→ YOUR TASK: When you find the line with "Накладки порогов Rival" among the records below, reproduce it and each line after it exactly, ending with the line with "Colorful Carousel Enamel Pin Blind Box".

====================

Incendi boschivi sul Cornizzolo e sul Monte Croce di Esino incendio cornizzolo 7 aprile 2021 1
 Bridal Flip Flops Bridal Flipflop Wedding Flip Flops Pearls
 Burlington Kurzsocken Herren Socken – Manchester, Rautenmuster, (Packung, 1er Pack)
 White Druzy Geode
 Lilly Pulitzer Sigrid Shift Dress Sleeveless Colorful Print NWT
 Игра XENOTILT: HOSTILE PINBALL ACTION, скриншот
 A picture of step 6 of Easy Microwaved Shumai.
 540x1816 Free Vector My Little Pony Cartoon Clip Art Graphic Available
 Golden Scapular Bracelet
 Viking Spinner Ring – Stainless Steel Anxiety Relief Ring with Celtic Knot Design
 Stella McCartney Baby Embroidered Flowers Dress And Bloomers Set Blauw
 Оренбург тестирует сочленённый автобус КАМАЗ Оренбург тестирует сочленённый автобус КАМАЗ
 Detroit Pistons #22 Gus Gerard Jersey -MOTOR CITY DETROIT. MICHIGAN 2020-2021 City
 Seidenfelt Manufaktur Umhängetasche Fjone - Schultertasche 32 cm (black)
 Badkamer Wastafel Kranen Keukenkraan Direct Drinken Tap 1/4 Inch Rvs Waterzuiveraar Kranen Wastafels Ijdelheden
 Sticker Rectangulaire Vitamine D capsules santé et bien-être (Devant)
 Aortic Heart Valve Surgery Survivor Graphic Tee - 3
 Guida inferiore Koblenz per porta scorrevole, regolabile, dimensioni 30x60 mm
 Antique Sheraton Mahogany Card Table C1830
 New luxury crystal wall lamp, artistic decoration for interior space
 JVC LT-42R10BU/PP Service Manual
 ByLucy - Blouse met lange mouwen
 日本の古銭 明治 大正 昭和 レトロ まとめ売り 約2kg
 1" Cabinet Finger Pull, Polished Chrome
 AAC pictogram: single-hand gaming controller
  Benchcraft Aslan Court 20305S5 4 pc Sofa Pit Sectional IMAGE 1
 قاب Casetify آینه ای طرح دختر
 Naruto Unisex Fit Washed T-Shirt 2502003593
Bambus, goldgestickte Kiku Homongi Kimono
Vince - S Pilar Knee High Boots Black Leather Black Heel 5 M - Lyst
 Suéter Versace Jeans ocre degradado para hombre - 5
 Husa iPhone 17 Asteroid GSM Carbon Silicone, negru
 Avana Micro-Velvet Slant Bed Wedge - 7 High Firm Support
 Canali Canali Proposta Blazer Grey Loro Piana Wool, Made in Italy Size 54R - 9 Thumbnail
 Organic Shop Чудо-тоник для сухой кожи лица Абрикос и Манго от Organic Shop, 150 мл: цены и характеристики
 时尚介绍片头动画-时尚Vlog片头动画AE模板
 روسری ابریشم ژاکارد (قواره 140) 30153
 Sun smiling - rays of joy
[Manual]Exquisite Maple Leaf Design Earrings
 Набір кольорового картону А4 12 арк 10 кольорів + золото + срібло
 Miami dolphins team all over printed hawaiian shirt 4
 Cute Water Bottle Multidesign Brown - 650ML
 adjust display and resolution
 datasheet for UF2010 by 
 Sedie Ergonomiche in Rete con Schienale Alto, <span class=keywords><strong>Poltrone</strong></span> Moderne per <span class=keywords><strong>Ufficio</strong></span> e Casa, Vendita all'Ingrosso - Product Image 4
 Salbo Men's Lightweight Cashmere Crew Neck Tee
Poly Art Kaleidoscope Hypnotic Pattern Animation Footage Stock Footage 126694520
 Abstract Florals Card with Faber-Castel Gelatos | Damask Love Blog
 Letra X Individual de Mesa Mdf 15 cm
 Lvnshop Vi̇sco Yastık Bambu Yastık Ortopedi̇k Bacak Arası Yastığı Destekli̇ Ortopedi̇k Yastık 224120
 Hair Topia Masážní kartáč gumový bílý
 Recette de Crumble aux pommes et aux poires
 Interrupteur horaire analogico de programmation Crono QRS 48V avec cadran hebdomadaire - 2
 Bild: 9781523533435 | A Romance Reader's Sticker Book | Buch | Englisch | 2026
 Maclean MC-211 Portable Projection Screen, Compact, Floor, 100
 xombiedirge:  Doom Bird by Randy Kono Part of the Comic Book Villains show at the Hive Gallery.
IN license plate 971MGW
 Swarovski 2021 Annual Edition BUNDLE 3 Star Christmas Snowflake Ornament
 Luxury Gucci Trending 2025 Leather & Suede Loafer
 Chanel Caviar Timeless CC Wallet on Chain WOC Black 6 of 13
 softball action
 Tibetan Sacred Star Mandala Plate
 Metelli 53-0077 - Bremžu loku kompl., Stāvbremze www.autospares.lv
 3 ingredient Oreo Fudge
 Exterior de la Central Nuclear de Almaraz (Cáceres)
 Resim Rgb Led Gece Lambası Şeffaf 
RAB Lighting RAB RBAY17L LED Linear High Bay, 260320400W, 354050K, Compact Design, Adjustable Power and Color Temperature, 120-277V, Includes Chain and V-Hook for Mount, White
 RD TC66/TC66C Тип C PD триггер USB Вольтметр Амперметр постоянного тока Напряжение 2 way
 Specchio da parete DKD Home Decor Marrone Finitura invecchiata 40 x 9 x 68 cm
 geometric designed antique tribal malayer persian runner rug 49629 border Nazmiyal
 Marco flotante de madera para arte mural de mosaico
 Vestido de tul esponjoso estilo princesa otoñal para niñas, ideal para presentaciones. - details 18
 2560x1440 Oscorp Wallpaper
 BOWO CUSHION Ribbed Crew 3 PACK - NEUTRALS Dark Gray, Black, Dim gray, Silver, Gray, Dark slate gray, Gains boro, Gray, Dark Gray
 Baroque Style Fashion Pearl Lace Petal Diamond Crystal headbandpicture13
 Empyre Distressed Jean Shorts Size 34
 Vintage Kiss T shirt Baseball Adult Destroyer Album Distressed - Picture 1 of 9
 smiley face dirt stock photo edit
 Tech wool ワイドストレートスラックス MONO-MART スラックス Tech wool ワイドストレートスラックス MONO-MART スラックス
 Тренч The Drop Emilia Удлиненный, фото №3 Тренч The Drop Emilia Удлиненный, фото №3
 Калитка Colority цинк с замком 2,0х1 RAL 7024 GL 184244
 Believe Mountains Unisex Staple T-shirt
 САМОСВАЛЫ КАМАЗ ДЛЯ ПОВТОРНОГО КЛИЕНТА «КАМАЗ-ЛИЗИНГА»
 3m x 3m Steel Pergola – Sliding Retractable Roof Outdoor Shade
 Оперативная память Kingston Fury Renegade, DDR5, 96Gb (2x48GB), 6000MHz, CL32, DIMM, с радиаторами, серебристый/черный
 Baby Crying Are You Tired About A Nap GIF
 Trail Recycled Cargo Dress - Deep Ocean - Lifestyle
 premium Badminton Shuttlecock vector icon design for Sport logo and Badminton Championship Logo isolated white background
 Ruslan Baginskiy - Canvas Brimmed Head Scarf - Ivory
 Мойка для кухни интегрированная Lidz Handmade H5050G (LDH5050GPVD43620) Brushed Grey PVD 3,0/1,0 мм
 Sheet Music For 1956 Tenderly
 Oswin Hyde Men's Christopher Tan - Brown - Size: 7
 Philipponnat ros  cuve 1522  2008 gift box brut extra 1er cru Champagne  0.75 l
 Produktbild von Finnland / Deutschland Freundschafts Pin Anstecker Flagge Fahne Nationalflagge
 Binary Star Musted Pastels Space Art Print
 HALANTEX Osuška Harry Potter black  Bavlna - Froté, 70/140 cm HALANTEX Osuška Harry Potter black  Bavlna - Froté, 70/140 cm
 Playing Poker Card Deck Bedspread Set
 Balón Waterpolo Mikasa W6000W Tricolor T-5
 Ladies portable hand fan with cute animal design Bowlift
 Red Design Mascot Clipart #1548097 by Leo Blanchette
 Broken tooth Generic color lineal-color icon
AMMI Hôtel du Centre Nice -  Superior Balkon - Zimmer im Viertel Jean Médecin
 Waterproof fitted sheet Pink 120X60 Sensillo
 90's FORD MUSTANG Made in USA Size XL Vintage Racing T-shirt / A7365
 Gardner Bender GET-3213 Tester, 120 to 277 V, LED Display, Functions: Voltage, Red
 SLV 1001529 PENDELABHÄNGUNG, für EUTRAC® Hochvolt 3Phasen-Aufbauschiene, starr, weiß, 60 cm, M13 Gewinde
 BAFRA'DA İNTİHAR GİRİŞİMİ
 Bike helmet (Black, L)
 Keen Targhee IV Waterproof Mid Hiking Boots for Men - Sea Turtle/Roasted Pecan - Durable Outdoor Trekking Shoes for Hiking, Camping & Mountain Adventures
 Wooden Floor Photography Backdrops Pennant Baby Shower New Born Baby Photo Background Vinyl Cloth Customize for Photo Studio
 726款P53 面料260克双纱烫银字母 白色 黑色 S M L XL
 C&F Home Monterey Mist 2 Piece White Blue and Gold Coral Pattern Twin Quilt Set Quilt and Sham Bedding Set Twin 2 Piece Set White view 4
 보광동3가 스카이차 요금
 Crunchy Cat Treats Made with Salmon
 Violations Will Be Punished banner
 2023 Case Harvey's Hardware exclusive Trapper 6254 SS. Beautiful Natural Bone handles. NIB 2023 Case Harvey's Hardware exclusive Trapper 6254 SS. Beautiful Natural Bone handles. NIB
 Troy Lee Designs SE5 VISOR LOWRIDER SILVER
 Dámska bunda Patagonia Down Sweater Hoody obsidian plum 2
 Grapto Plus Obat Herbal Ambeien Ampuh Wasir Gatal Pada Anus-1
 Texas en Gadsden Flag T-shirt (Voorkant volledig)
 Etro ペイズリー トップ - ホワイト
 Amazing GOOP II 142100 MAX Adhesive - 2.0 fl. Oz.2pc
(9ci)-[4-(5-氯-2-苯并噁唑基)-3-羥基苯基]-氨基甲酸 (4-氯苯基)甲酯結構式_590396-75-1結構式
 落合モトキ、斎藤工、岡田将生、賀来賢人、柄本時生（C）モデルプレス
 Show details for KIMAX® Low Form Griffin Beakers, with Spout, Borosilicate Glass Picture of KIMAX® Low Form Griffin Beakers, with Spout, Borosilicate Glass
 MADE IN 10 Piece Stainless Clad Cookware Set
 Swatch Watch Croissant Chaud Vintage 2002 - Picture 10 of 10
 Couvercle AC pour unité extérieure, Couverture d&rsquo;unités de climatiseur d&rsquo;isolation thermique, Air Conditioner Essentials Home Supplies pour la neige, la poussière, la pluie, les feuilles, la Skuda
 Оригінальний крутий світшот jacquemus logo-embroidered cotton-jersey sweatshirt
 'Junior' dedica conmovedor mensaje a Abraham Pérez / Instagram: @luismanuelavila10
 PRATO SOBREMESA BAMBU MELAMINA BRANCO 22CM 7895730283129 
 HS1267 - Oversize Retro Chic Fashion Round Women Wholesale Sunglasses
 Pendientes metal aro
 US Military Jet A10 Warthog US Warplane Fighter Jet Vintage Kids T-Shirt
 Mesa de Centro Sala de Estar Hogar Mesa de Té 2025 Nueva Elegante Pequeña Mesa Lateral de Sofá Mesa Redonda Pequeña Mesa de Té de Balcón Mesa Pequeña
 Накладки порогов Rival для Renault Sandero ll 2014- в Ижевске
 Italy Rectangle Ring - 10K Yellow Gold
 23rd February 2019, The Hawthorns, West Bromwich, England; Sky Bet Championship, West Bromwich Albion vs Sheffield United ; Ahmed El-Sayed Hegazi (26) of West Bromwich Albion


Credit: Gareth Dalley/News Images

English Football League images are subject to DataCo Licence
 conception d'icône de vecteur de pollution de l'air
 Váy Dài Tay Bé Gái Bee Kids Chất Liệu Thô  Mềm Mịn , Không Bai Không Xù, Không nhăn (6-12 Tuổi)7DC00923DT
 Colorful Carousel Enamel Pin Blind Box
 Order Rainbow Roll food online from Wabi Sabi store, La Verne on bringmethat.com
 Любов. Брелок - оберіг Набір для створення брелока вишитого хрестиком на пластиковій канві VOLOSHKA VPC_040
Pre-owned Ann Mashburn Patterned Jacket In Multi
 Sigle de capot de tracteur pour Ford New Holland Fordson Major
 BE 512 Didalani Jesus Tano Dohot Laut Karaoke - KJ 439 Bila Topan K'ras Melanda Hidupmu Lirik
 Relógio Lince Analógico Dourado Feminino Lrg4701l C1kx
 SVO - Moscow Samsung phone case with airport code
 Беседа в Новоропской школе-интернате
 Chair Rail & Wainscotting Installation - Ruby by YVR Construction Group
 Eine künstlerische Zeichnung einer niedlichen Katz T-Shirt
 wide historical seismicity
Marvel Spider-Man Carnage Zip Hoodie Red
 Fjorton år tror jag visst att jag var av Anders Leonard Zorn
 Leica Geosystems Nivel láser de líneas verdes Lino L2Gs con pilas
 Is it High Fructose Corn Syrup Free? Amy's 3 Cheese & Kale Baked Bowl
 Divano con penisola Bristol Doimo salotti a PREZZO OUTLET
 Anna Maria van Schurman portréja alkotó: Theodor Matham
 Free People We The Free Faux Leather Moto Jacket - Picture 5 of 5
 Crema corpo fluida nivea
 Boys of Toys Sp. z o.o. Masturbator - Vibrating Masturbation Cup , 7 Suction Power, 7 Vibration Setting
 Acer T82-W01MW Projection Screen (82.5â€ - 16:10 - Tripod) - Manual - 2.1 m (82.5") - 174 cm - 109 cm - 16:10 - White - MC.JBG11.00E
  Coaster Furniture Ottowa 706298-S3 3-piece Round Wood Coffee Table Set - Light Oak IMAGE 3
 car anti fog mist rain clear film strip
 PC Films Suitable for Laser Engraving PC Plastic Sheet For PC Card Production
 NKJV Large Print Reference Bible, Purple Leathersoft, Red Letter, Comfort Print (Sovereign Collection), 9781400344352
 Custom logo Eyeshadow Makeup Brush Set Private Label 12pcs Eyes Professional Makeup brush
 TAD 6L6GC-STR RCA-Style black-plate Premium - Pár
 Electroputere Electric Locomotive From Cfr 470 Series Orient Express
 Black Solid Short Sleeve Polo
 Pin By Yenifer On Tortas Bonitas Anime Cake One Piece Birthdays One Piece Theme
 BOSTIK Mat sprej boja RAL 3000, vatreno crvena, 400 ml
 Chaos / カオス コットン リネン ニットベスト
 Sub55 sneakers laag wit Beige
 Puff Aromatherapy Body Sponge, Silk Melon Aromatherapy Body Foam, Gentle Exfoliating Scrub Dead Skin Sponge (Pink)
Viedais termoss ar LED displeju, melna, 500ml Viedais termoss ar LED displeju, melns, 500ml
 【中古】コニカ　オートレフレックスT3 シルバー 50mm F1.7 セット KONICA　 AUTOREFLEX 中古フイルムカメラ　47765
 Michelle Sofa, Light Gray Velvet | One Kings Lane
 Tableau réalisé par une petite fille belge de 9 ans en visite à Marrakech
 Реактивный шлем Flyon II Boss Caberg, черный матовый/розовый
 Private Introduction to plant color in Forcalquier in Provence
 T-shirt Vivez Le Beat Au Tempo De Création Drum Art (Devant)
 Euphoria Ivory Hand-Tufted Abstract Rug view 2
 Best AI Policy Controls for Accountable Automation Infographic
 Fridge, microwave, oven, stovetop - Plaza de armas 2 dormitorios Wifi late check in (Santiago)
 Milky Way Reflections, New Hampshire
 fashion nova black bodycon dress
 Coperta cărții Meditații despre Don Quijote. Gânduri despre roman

====================

→ RESULT:
 Накладки порогов Rival для Renault Sandero ll 2014- в Ижевске
 Italy Rectangle Ring - 10K Yellow Gold
 23rd February 2019, The Hawthorns, West Bromwich, England; Sky Bet Championship, West Bromwich Albion vs Sheffield United ; Ahmed El-Sayed Hegazi (26) of West Bromwich Albion


Credit: Gareth Dalley/News Images

English Football League images are subject to DataCo Licence
 conception d'icône de vecteur de pollution de l'air
 Váy Dài Tay Bé Gái Bee Kids Chất Liệu Thô  Mềm Mịn , Không Bai Không Xù, Không nhăn (6-12 Tuổi)7DC00923DT
 Colorful Carousel Enamel Pin Blind Box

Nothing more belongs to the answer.